I know that President Obama regards himself as the Second Coming of Ronald Reagan (which might well be a significant part of the problem in and of itself) in that he thinks he's capable of forging alliances with even the most strident forces on the other side of the aisle. But he forgets two primary differences between now and then:

(1) When the extremely conservative Reagan "compromised" with the Democrats of his day, he was dealing with an essentially reasonable opposition party. By contrast, there is nothing "reasonable" about today's incarnation of the Republican Party. Mitch McConnell said it all when he essentially described his understanding of "compromise" as getting everything he wants while relinquishing nothing. Doesn't quite sound like a penultimate "negotiating partner" to me.

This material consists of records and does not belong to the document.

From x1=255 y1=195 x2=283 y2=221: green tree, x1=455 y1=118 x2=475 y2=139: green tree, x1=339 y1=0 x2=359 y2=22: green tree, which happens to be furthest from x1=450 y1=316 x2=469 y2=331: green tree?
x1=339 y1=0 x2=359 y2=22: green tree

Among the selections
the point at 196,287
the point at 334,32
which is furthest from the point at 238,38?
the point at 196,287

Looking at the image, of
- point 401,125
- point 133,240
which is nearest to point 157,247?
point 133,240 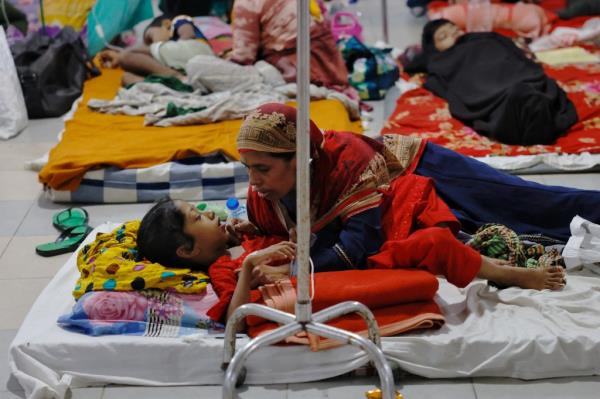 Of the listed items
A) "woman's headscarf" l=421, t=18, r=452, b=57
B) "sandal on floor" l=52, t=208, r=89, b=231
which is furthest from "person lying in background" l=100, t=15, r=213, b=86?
"sandal on floor" l=52, t=208, r=89, b=231

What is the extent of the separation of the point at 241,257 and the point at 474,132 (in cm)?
187

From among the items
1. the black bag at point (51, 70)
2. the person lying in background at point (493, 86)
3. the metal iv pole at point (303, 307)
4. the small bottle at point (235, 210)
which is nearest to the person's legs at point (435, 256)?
the metal iv pole at point (303, 307)

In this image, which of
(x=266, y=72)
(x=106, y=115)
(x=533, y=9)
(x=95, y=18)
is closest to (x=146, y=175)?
(x=106, y=115)

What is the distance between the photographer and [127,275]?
92.4 inches

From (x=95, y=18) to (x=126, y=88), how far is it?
1.02 m

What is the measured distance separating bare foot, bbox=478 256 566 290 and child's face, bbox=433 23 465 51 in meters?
2.71

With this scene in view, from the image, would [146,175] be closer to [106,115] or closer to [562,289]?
[106,115]

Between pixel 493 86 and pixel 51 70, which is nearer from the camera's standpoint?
pixel 493 86

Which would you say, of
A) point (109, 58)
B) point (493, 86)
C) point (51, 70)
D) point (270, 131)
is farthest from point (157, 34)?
point (270, 131)

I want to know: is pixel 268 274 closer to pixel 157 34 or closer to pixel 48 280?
pixel 48 280

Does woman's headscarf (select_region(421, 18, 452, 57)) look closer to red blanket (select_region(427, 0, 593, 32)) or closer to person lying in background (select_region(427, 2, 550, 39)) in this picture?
person lying in background (select_region(427, 2, 550, 39))

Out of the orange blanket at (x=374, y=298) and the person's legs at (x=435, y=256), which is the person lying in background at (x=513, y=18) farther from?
the orange blanket at (x=374, y=298)

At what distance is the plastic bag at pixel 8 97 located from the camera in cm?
434

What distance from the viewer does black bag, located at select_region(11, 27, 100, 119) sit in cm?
459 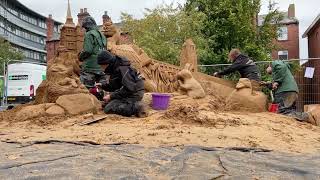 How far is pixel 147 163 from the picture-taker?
13.3ft

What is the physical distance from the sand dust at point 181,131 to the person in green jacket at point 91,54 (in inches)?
64.8

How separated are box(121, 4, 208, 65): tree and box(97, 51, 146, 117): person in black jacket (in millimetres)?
11096

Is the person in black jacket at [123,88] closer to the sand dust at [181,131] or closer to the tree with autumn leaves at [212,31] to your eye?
the sand dust at [181,131]

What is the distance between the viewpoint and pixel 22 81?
58.4ft

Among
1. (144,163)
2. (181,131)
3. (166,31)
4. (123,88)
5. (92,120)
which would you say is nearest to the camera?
(144,163)

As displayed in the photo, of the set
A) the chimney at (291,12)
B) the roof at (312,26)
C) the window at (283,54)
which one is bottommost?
the window at (283,54)

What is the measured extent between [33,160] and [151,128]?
2.36 metres

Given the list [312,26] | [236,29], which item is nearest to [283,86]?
[236,29]

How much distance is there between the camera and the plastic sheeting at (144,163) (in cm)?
367

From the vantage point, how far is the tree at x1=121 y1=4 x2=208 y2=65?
19.6 metres

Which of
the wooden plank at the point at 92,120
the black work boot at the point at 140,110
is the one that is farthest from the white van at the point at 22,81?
the wooden plank at the point at 92,120

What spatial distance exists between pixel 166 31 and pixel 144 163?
17513mm

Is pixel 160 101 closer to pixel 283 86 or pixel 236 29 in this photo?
pixel 283 86

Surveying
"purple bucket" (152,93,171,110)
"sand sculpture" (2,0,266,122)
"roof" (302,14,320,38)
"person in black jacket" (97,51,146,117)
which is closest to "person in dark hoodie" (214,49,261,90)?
"sand sculpture" (2,0,266,122) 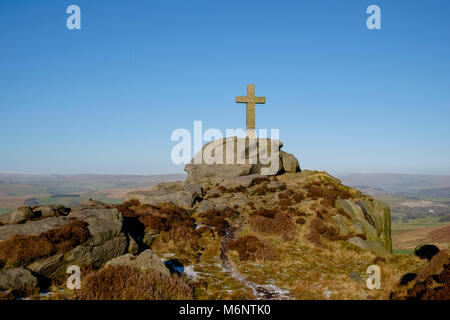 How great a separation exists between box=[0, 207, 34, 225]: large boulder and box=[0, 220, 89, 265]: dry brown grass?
2422 mm

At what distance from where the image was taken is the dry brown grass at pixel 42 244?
9703 millimetres

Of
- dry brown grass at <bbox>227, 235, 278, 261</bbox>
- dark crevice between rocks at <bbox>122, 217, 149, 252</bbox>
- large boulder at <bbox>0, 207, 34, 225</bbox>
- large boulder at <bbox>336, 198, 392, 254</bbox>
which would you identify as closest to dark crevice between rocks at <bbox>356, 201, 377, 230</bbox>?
large boulder at <bbox>336, 198, 392, 254</bbox>

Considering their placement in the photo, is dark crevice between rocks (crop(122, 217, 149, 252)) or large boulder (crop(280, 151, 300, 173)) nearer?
dark crevice between rocks (crop(122, 217, 149, 252))

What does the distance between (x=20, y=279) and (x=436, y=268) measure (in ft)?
47.4

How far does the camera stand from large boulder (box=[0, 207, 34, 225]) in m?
12.5

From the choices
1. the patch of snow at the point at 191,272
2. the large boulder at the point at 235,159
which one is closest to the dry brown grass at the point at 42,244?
the patch of snow at the point at 191,272

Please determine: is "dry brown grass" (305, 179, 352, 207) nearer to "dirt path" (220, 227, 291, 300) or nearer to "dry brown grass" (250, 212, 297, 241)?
"dry brown grass" (250, 212, 297, 241)

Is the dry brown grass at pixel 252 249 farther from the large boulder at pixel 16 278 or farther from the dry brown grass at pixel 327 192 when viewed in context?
the large boulder at pixel 16 278

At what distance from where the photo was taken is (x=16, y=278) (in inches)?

(2) If President Obama were writing on a clean slate, compromise might not be such a bad thing. But he's not. His presidency was preceded by eight years of unimpeded, unvarnished far right wing policies and enactments. So, by seeking and achieving only "compromise" legislation, all Obama is doing is holding serve. He is not making any effort to overcome the lead his opponent previously amassed, which is, as a result, becoming insurmountable.

Even worse, when it comes to civil liberties, Obama has not only failed to abolish George W. Bush's abhorrent, medieval policies, but, in most instances, he has enthusiastically followed them and, in some, he has actually made them worse!

But that will be the subject of a later post(s).